食の6次産業化プロデューサーの松田高政です。

自己紹介

特別講座「新たな時代に新商品・サービスを生み出す能力とは(全11回)」の第11回目、いよいよ最終回となりました。テーマは、「販路開拓・売上目標を達成し事業を成功に導くことができるか?」です。

これまで、第1回の「商品の企画」から、第10回の「販路の選択」まで、新たな時代に新商品・サービスを生み出す能力について解説してきましたが、最終的な目標は単に生み出す(開発する)ことではなく、開発した商品が販路先や消費者に支持され売れることです。逆に言うと、今回の講座のテーマは「販路先や消費者に支持される商品を生み出す能力」について、どんな考え方・手法が必要なのかをプロセスの順番に沿って解説しました。

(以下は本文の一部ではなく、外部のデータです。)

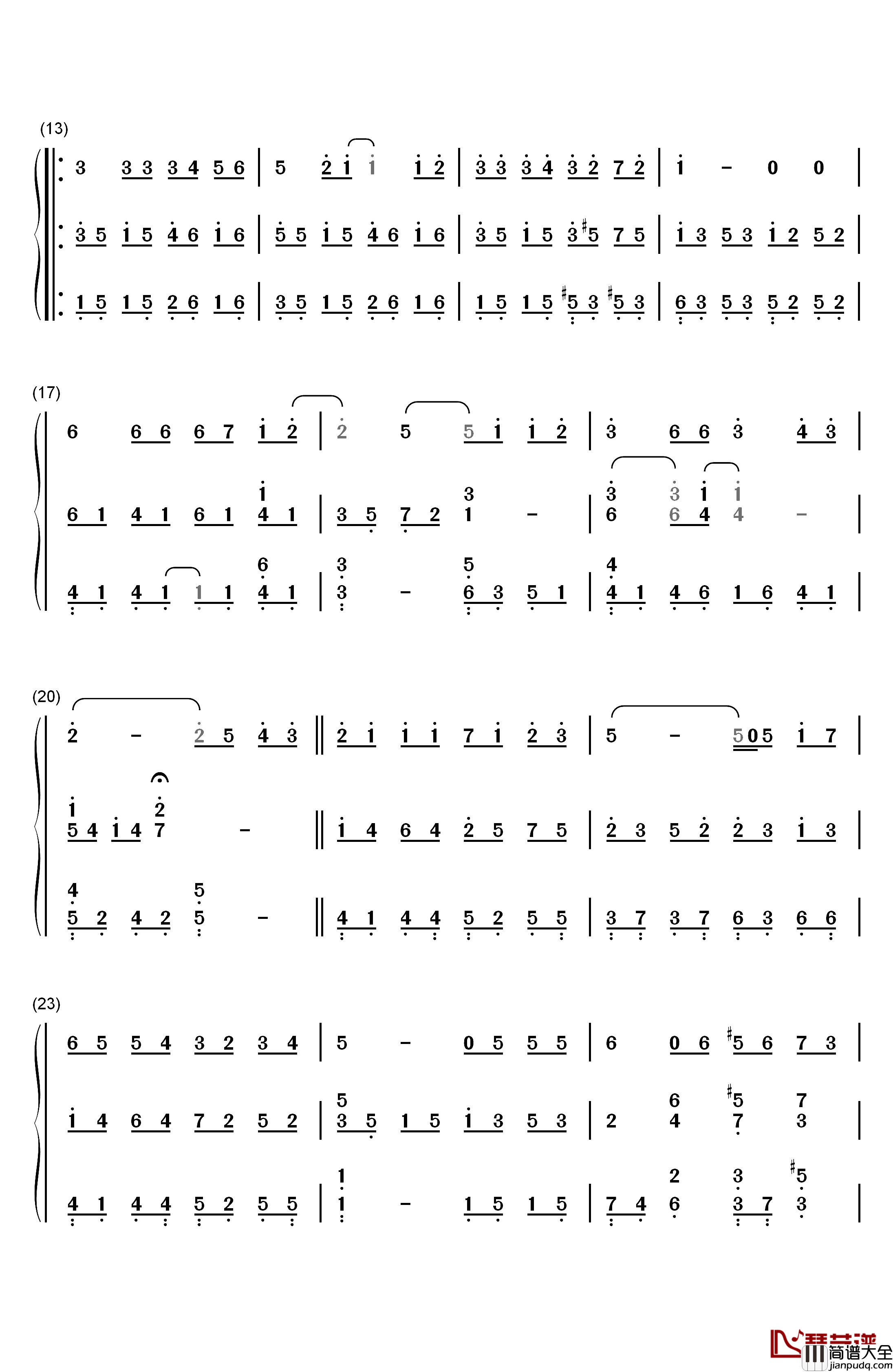 彩虹伴奏版钢琴简谱_数字双手_周杰伦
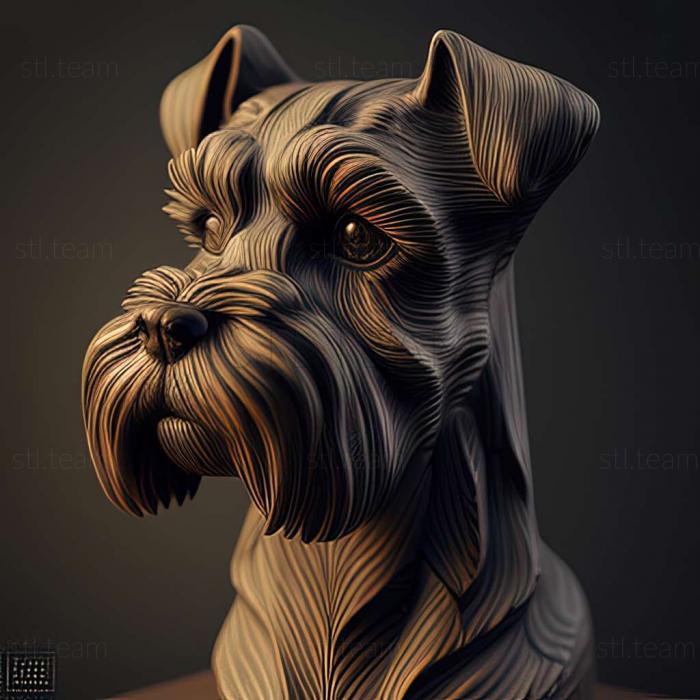 3D model Zwergschnauzer dog (STL)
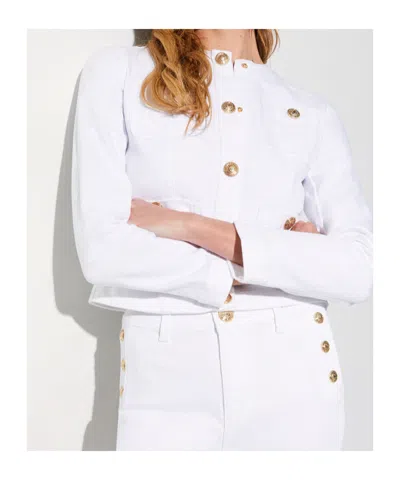 Liu •jo Patch-pocket Denim Jacket In White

作ったはいいけど売れない」状態は何としても避けなければなりません。できれば、「作った瞬間から売れていく」状態が理想です。そして、その商品をメインに多角化展開することで、自分の最終目標を達成することが理想です。その目標は人それぞれ違いますが、ここでは何年後かの売上目標とします。

では、販路開拓・売上目標を達成し事業を成功に導くためにはどうすればいいのか。具体的な考え方や手法、実際の事例を見てみましょう。

問題:販路開拓・売上目標を達成し事業を成功に導くことができるか?

【問いかけ】
取組や活動により開発した商品を展開するために、当初想定した販路・売上目標に向かって、どのような方法で販路を開拓するか、または販売するか。また、その相手先へのアプローチはどのような方法があるか。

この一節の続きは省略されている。